Tapati talks of navigation now and in the ancient time, telling us about Matsya Yantra, in India, much before the compass that we know now. Here’s an erudite research, in the regular column, exclusively in Different Truths.
As I was idling in my balcony, enjoying the cool breeze of early winter, gazing at the evening sky was a treat to the eyes. The setting sun put a blazing palette unravelling nameless hues; the cotton balls of clouds were soon changing their shapes emerging into newer imageries; the golden layers soon became orange and a blazing red before immersing into dusk when in the dark slate stars appeared like the last glitters of a great firework. In a splash of falling eyelashes, twinkles peeped and splattered and flooded all over the sky. The skyline became a canopy of lighting, a reflection of the past festival of lighting. I stood lost counting the new stars and started recalling the names of the glowing planets above my head; it was an unmindful walk from my childhood memories when we stood among a group of children with eyes fixed on the sky and small fingers pointing at the stars with their names.
The Polestar was the blue diamond on the early setting of dusk and dawn after travelling across the sky; we were told how mariners would decide the directions with a look at it. When we grew up, we tried to locate the direction with the compass and reaffirm the Polestar in a playful mood. A sudden feeling of horror shivered down with a thought of getting lost in the vast universe without any knowledge of direction. Wild imagination drew me being lost in the darkness of a seamless desert or an endless ocean of water and sighting the polestar was such a solace of being not getting lost but showing a direction.
Today, explorers and adventurers never forget to sight the polestar even while having the modern equipment, a navigator’s compass in their hand. Who discovered the compass I really do not know and started digging into it. Google informed among the Four Great Inventions, the magnetic compass was first invented during the Chinese Han dynasty around 300 and 200 BC. Prior to that geographical positions and directions were determined by sighting celestial bodies and their positions or astronomy. But when the sky was overcast or foggy to cover the sightings, men discovered compass to enable mariners to have a safer journey. Loadstone was discovered and cardinal directions were fixed with its help.

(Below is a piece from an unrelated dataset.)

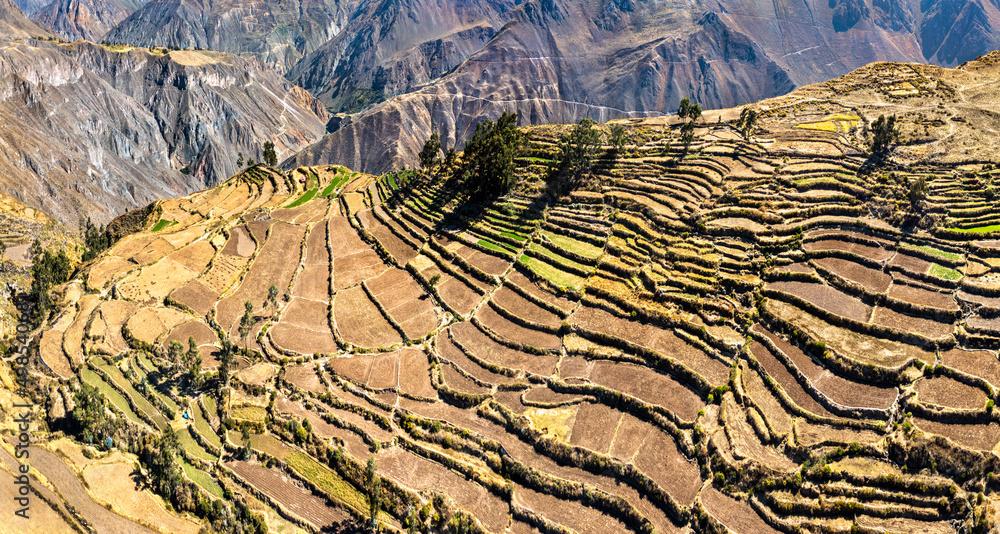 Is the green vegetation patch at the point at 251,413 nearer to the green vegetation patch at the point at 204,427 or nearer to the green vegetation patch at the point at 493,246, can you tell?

A magnetic compass with needle has been described by Kanad (around 550 BC)
to signify that the iron needle would go towards the magnet.
Milindapanho composed during 4th-5th centuries CE, mentions about an instrument used by the pilot of a ship for steering the ship:
“And again, O King, as the pilot put a seal on the steering apparatus, lest anyone should touch it”. It has been translated as a ‘steering apparatus’ and it Sanskrit it is‘ yantra’, a mechanical devise, just like ‘Matsya yantra’ working on mechanical and accompanied with other principles.
“Historians point out a compass on one of the ships in which Indians of early Christian era sailed out to colonise islands in the Indian Ocean. The Hindu compass was an iron fish (called in Sanskrit Matsya-yantra or fish machine). It floated in a vessel of oil and pointed to the North.
“The early Hindu astrologers are said to have used the magnet, in fixing the North and East, in laying foundations, and other religious ceremonies. The fact of this older Hindu compass seems placed beyond doubt by the Sanskrit word Maccha Yantra, or fish machine, which was named as the mariner’s compass.”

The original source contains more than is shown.